27 Oct 2017
Hunger in Malaysia on the Decline
Hunger in MalaysiaMalaysia has shown remarkable economic progress over the past several decades, with poverty falling from 49.3 percent in 1970 to 23 percent in 1989 and 1.7 percent in 2012. One of the key aspects of the New Economic Policy adopted by Malaysia was creating a “Pro-Poor” policy. According to the World Bank, “the NEP contributed to poverty reduction and helped provide opportunities to poor households.”
However, Malaysia’s Poverty Line Income differs from the standard $1 USD per day (purchasing power parity) poverty line. When converting to international standards, it results in Malaysia having a higher poverty rate.

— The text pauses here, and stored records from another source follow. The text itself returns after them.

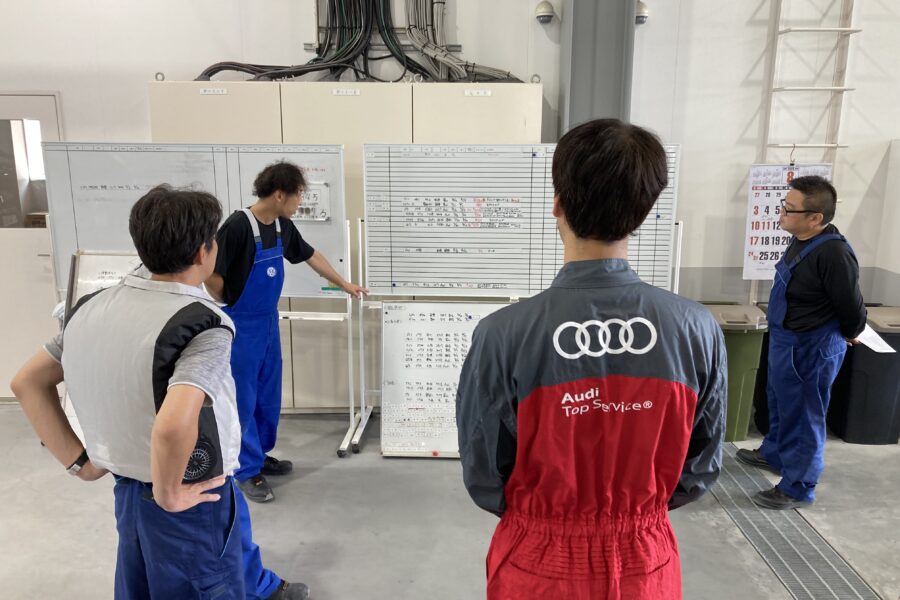 株式会社 光岡自動車：求人情報 - 社員インタビュー／一日のスケジュール｜出社・工場清掃・車両移動など｜１日の仕事内容打ち合わせ｜鈑金作業｜昼食時間｜溶接作業｜車両装備設定（専用コンピューター使用）｜閉店作業・帰社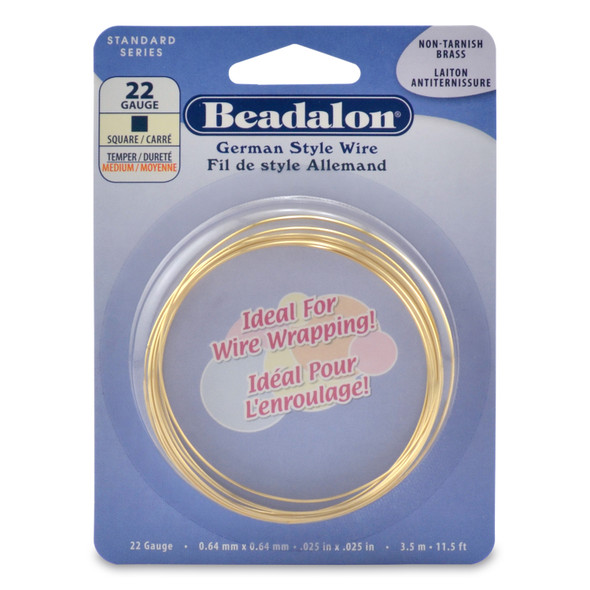 Beadalon German Style Wire Square 22ga Silver Plated 3.5M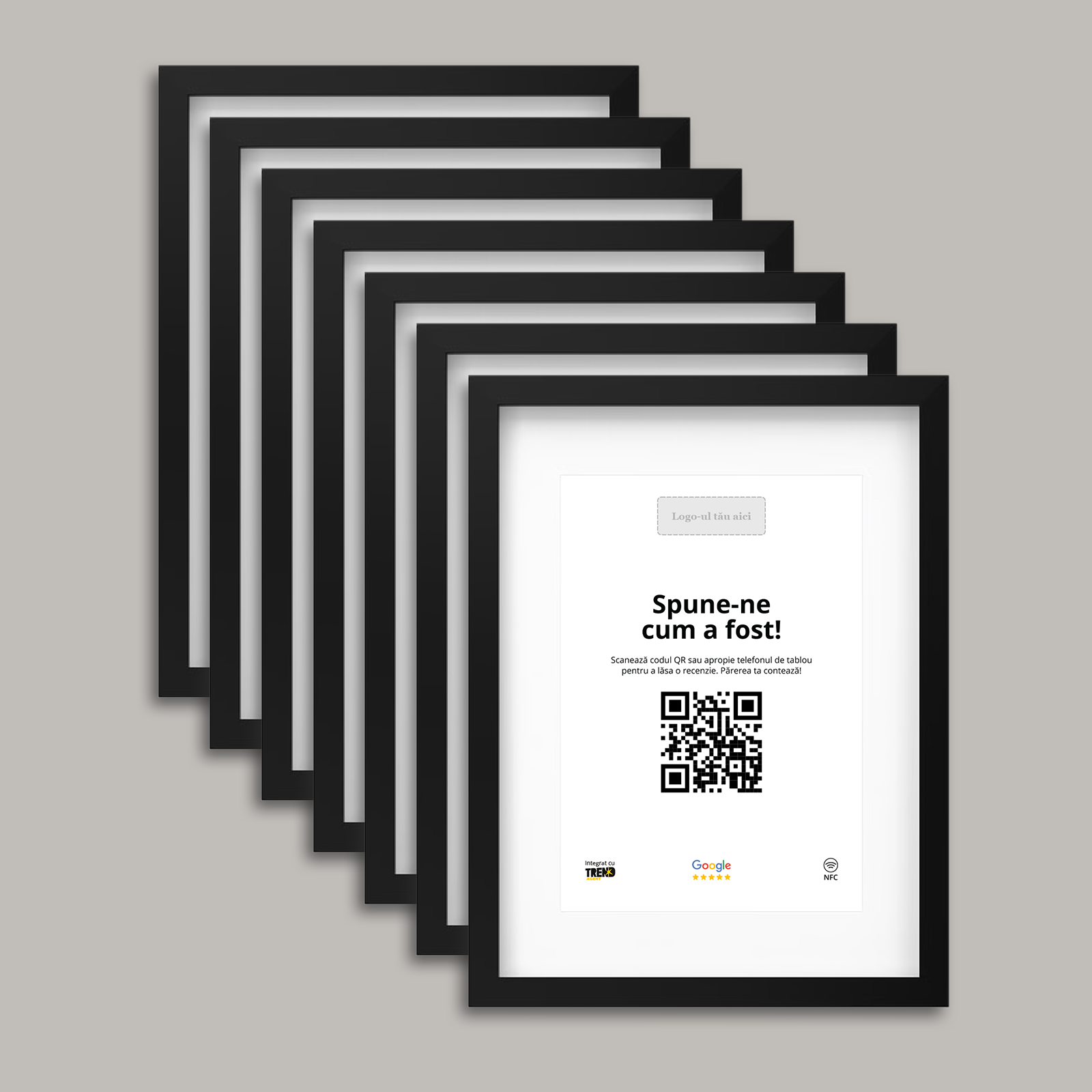 Pachet 7 Rame Negre Personalizate cu NFC și cod QR pentru Google Reviews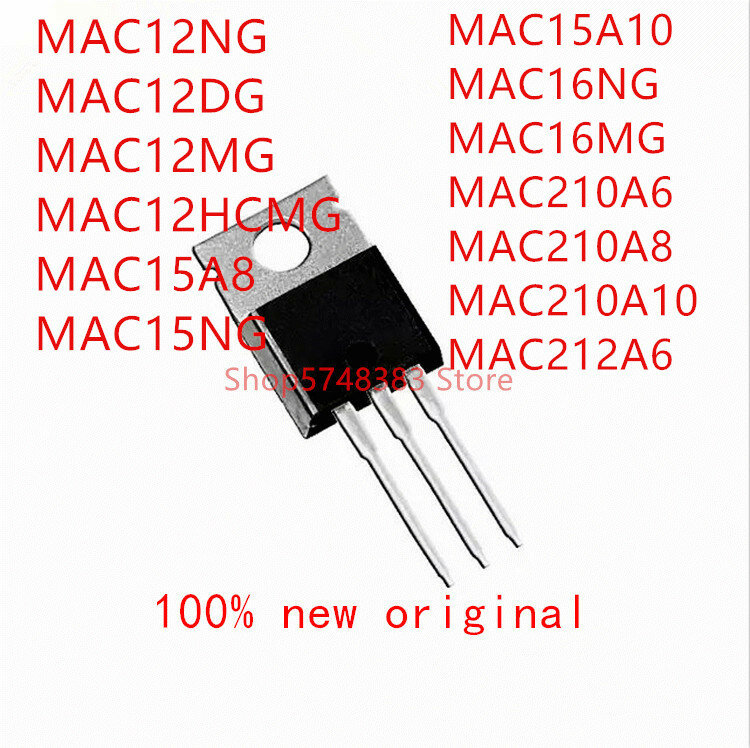 MAC12NG MAC12DG MAC12MG mac12hmg MAC15A8 MAC15A10 MAC16NG MAC16MG MAC210A6 MAC210A8 MAC210A10 MAC212A6 TO-220, 10 pièces
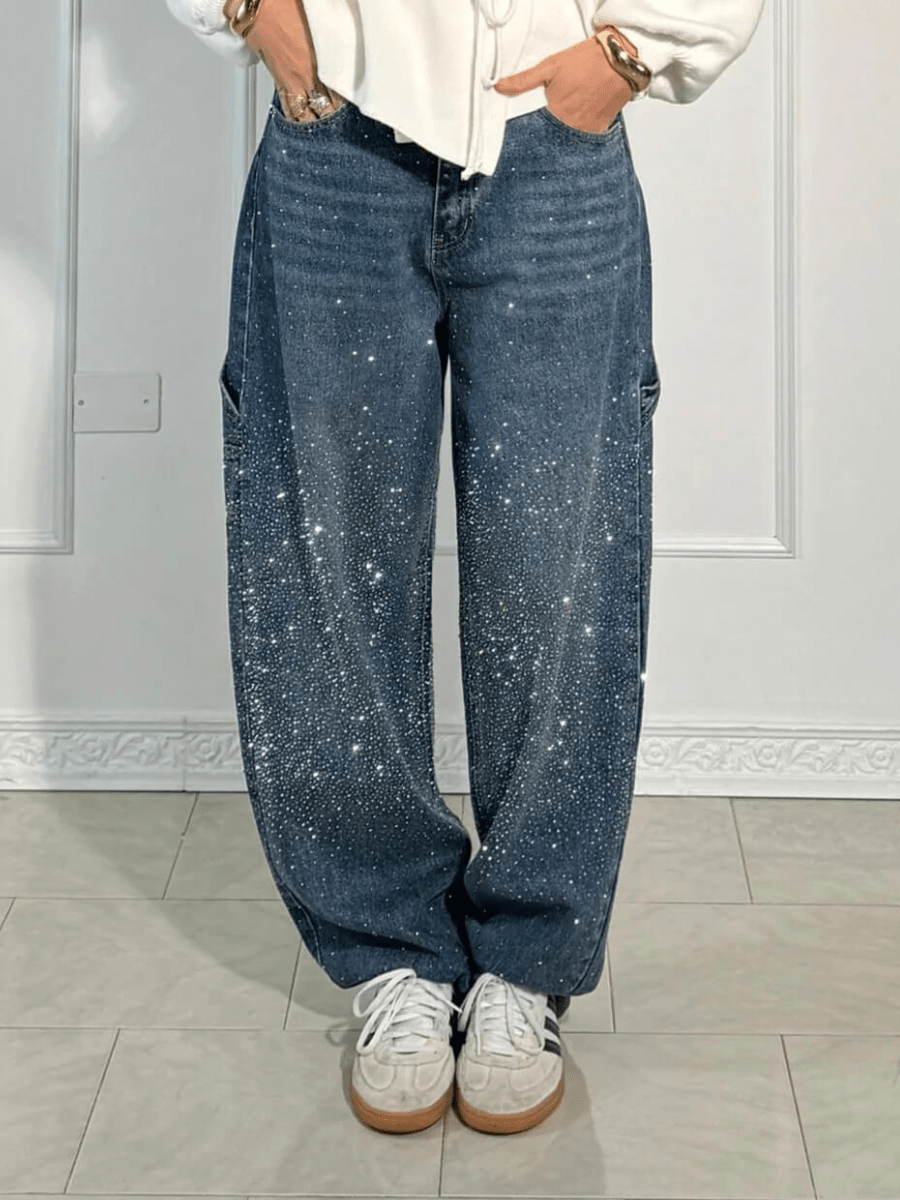 Julia | Trendy Balloon Carpenter Jeans met Glitters - Bellanza
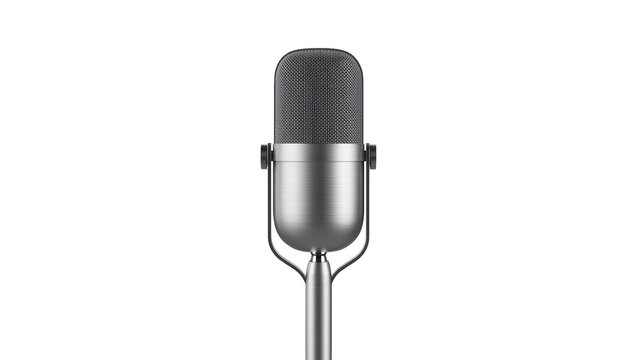 Isolated retro metallic studio microphone for broadcasting, podcasting, and vocal recording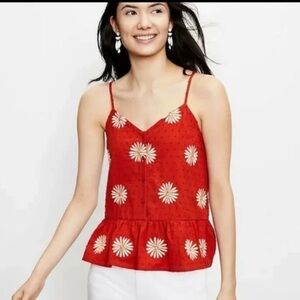 LOFT daisy embroidered rust colored peplum Tank Top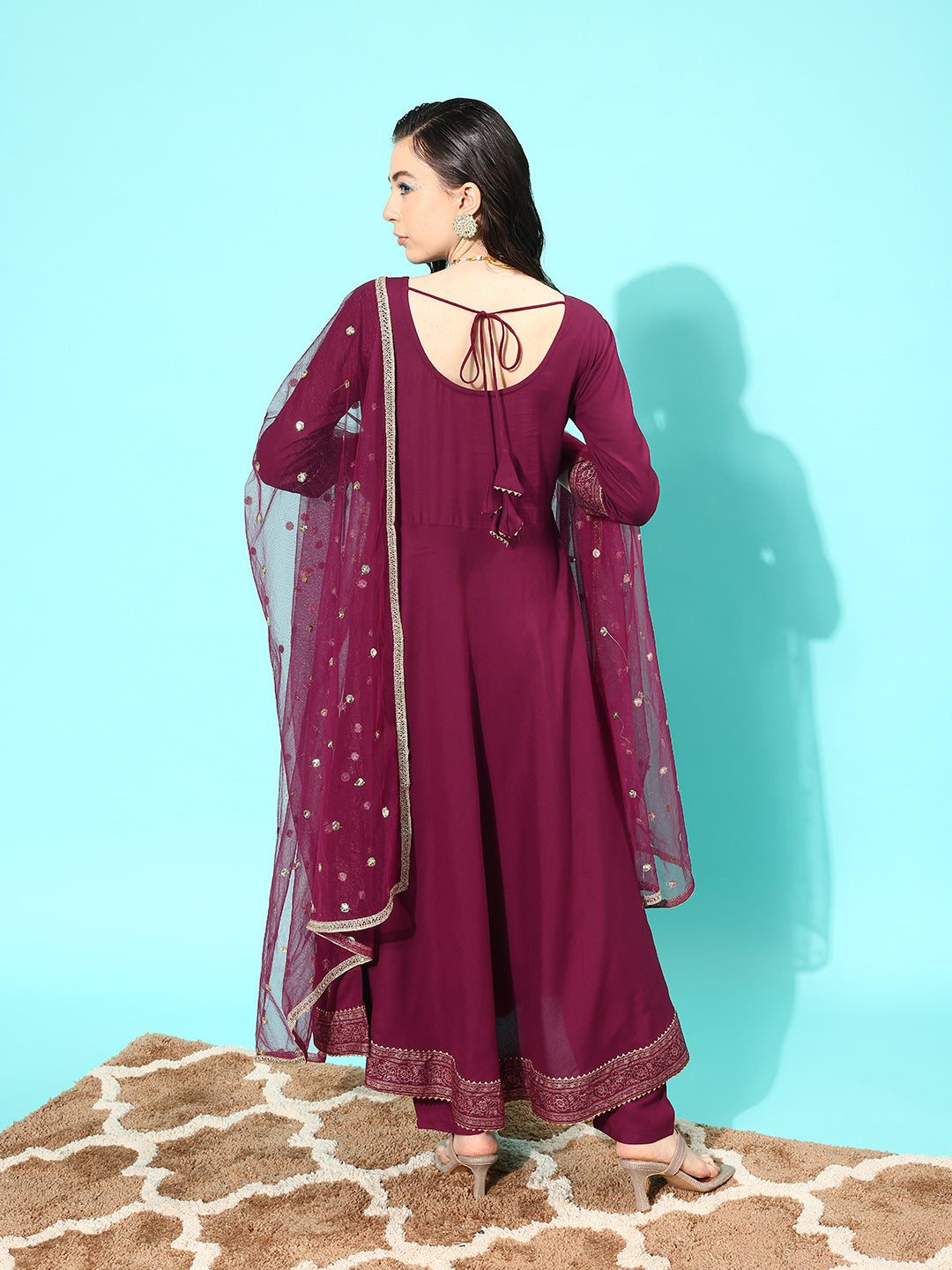 Burgundy Embroidered Anarkali Kurta With Trouser And Dupatta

There has never been a problem of chronic hunger in Malaysia. Many nutrition programs have been incorporated into the rural development programs and have proved successful. According to the World Health Organization, consumption of fewer than 1,960 calories a day is a mark of food poverty. A great indicator of successful eradication of hunger in Malaysia lies in the fact that its daily per capita intake of calories has been consistently above the standard mark. The average was 2,969 in 1999.
The government introduced the Applied Food and Nutrition Programme in 1972 to improve nutrition and alleviate hunger in Malaysia. It aimed to increase the production of nutritious foods and promote supplementary feeding of pregnant and lactating mothers as well as infants and school-going children.